ImageI'm sure many of you remember the name Larry Moh. You may not have met him personally but his contributions to the furniture industry are without parallel. Larry was a Chinese businessman, who turned his Hong Kong-based plywood company into a global empire with the creation of a company in 1959 he called Universal Furniture.

He manufactured bedroom, dining and occasional furniture in Taiwan and exported it unassembled to countries around the world. This concept revolutionized the American furniture industry. He sold Universal to Masco in 1989 and later established Plantation Timber Products and Fine Furniture Manufacturing & Design.

Larry was a visionary; a man ahead of his time. He was also a very caring individual. He came to me many years ago and asked for a favour. He said America had been very good to him and he wanted to do something to encourage our young people to make their career in home furnishings. The furniture industry was his passion.  He wanted to establish a scholarship fund that would allow America's brightest students to attend the college or university of their choice to major in a field that would prepare them to be leaders in our industry.

I have been privileged to chair the Celia Moh Scholarship committee since its inception in 2001. The scholarship is named for Larry's beloved wife, Celia, who lives today in Shanghai. Larry passed away in 2002 at age 76.  Today, Larry's son, Michael, heads Fine Furniture & Design in Shanghai.

Every year our committee reads dozens of scholarship applications from students who wish to major in some aspect of home furnishings: furniture design, interior design, manufacturing, logistics as well as sales and marketing. Each applicant writes an essay of why he or she wants to be a part of our great industry. I would like to share of few of their thoughts and aspirations with you.

From an industrial design major: "‘Have nothing in your house that you do not know to be useful or believe to be beautiful.' This quote, from William Morris, is one of my favourites. However, items in the home must be useful AND beautiful. I want to design furniture, home accessories, or products to make useful and beautiful objects. There is no reason why an object that serves an ordinary, functional, purpose should not delight or enrich the user's experience through its visual appearance as well."

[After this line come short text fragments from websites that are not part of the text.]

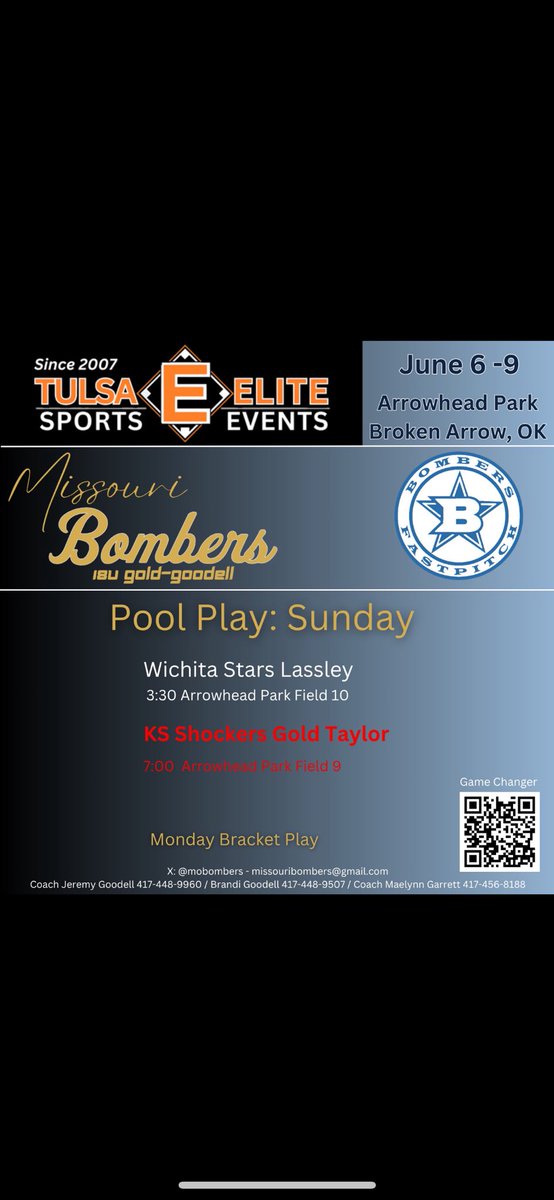 Glad to be back for the rest of the tournament!! <a href="/mobombers/">Missouri Bombers 18u Gold-Goodell</a> <a href="/Gorilla_SFB/">Pitt State Softball 🥎</a> <a href="/CCRoughridersSB/">Crowder College Softball</a> <a href="/UTampaSoftball/">Tampa Softball</a> <a href="/MizzouSoftball/">Mizzou Softball</a> <a href="/UWFSoftball/">UWF Softball</a> <a href="/TulsaSoftball/">Tulsa Softball</a> <a href="/kcroossb/">Kansas City Softball</a> <a href="/OleMissSoftball/">Ole Miss Softball</a>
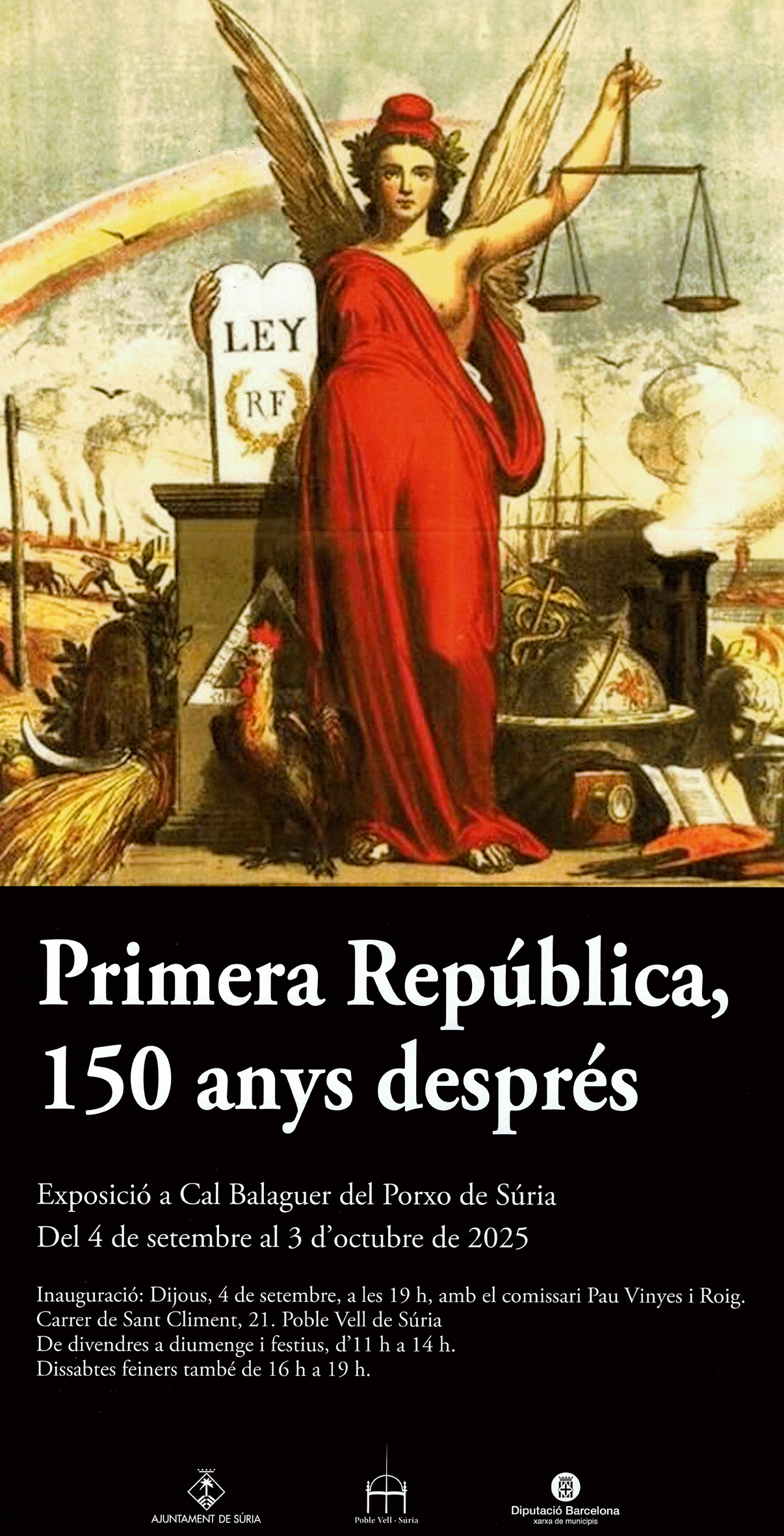 Cartell de l'exposició 'Primera República, 150 anys després' - Del 4 al 3 d'octubre.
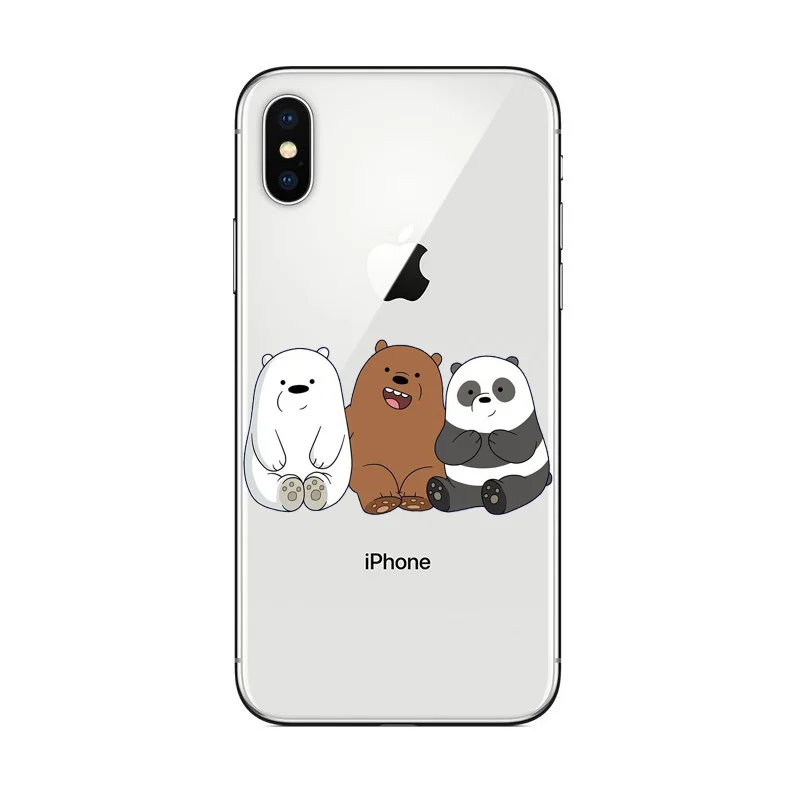Прозрачный мягкий силиконовый чехол для iPhone X XS XR Max 5 6 7 8 мультфильм анимация Мы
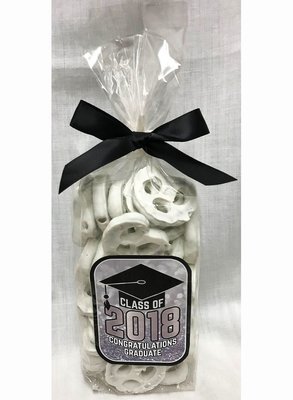 Silver Graduation Bag of Yogurt Covered Pretzels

A furniture design major: "I find most attractive the idea that the furniture I design, that comes from within and is part of me, will eventually outlive me. The idea of creating something that families may pass down for generations gives me an incredible feeling of accomplishment."

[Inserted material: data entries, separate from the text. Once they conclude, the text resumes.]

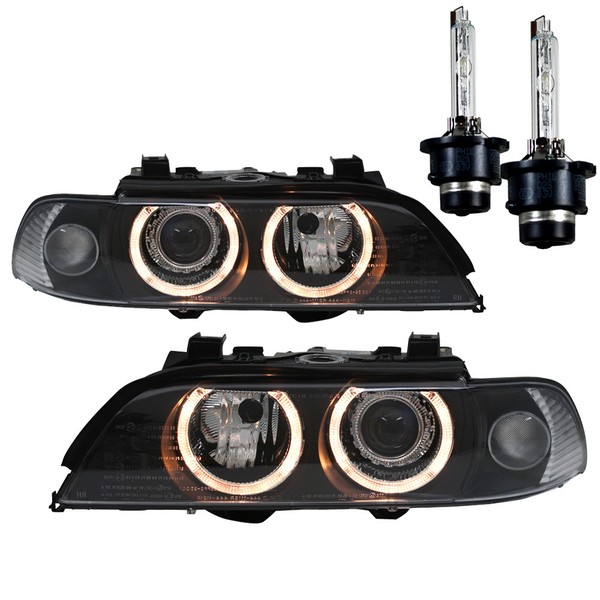 Xenon D2S Scheinwerfer Angel Eyes FüR BMW E39 Limo 00-03 Schwarz + D2S Brenner-image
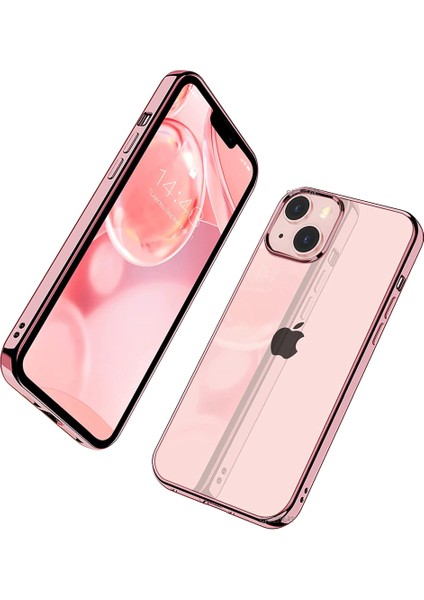 Iphone 14 Uyumlu Kılıf Kamera Çıkıntılı Koruma Kenar Parlak Gold Lazer Kesim Silikon Pc Kapak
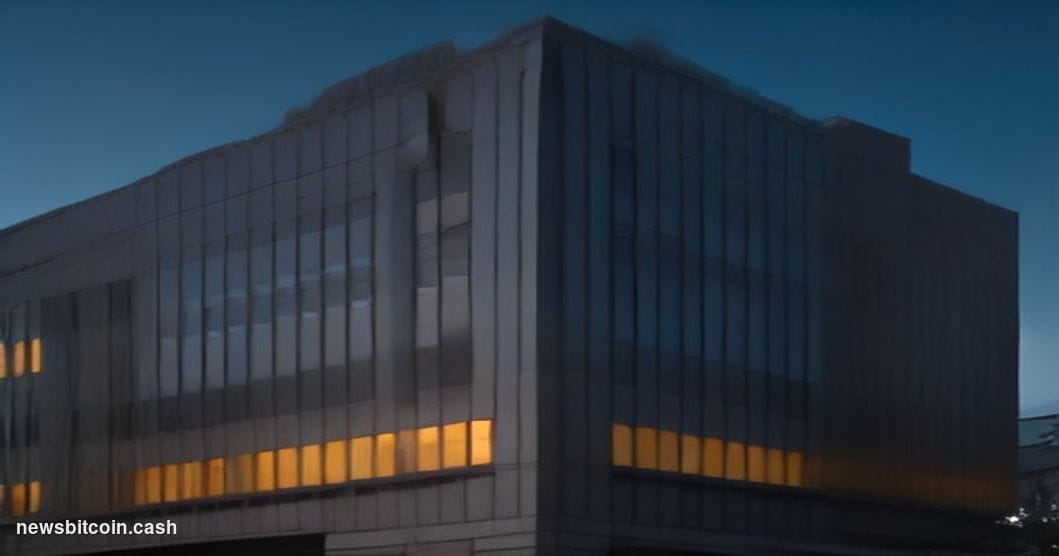 Cinematic photorealistic editorial photograph of a monolithic U.S. Bank branch exterior at dusk, shot from a low angle lookin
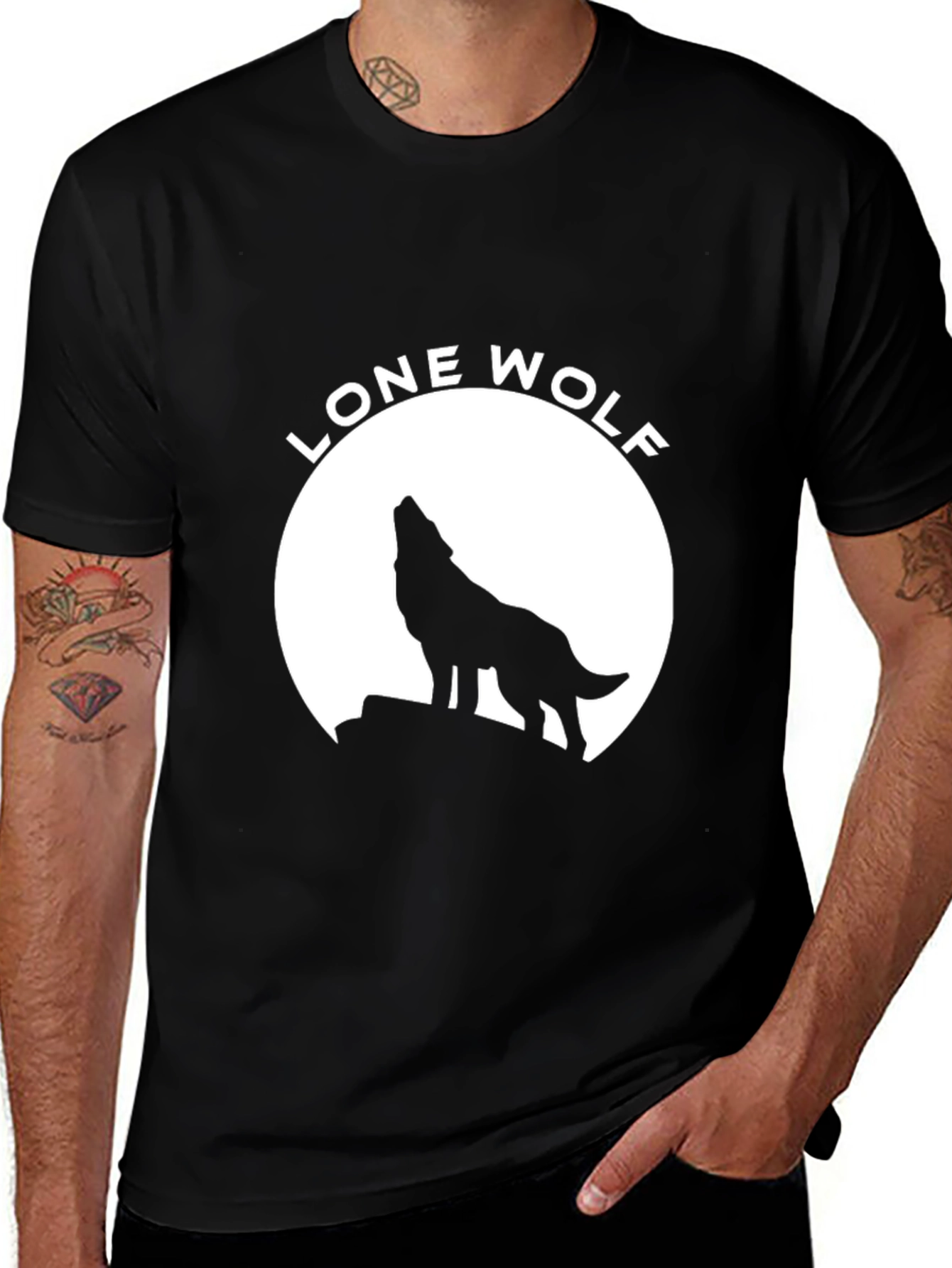 Variant 13 of Lone Wolf Graphic Tee - Black Cotton T-Shirt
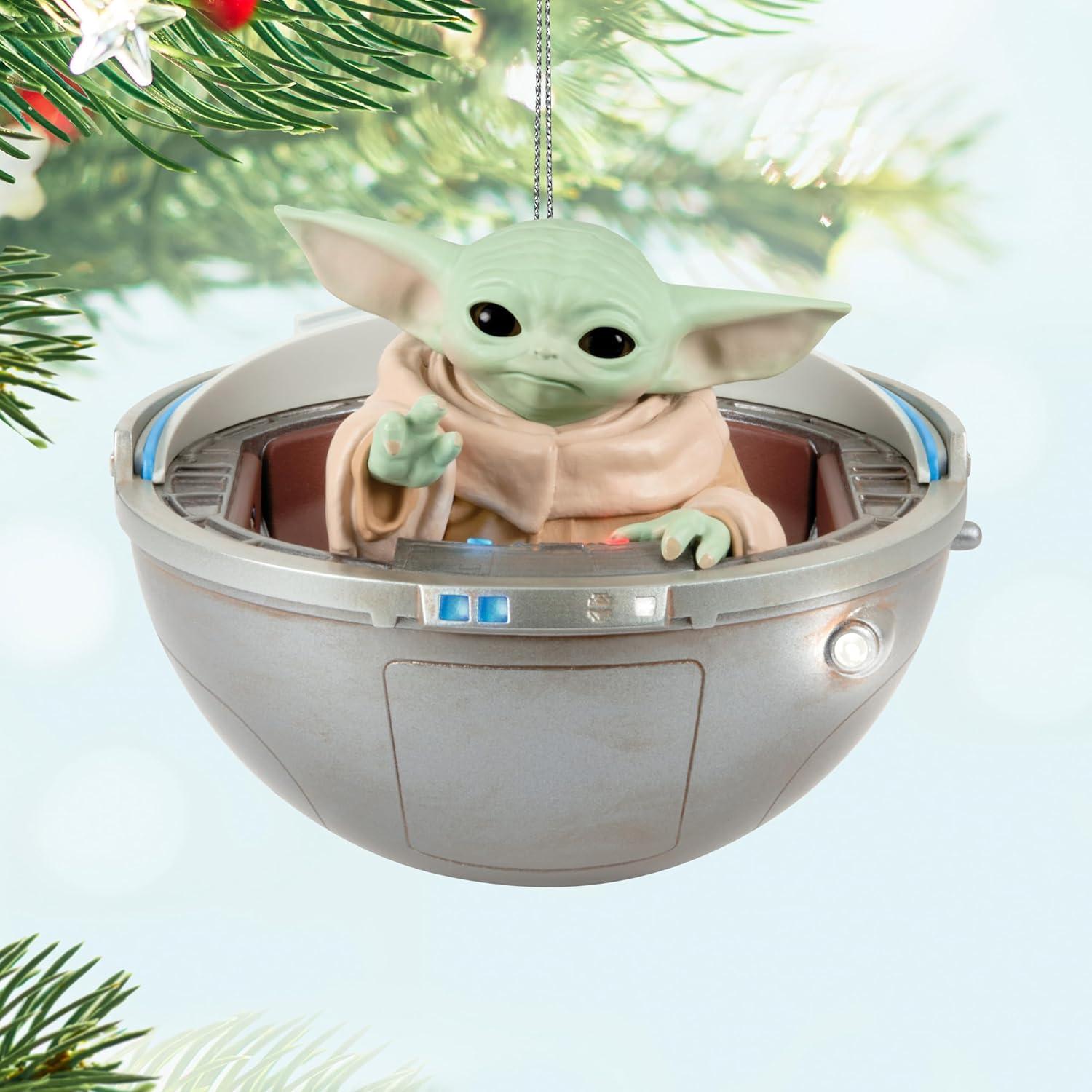 imageHallmark Keepsake Christmas Ornament 2024 Star Wars The Mandalorian Grogu in Hovering Pram With Light Sound and Motion Gifts for Star Wars Fans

An industrial design major: "Solutions in furniture design allow one to form emotional connections to an object. The process to get to these connections is full of what most would label as mistakes. In truth, this is a way to gain knowledge on making a product work better."

An interiors merchandising major: "Living at the coast and recently hearing the needs of a customer at my father's furniture store has already sparked my first idea. I would like to develop a sofa with outdoor qualities to be used indoors and that is resistant to florescent lights. Hearing people's problems and having the education, passion and talent to develop an idea gives me hope I will succeed in my career."

An industrial and systems engineering major: "My dream career would be to travel to the countries that are exporting furniture to the United States and investigate the current logistics strategies. I would want to interact with these people to try and analyze and figure out the most effective method to minimize the total cost of handling and transporting furniture from overseas to the consumer. I think this is a major step in helping the furniture industry as it expands globally."

A home furnishings marketing major: "I would like to work for a furniture company as a sales representative. Selling furniture isn't about selling a specific item or piece; it's about selling comfort, creativity and a lifestyle."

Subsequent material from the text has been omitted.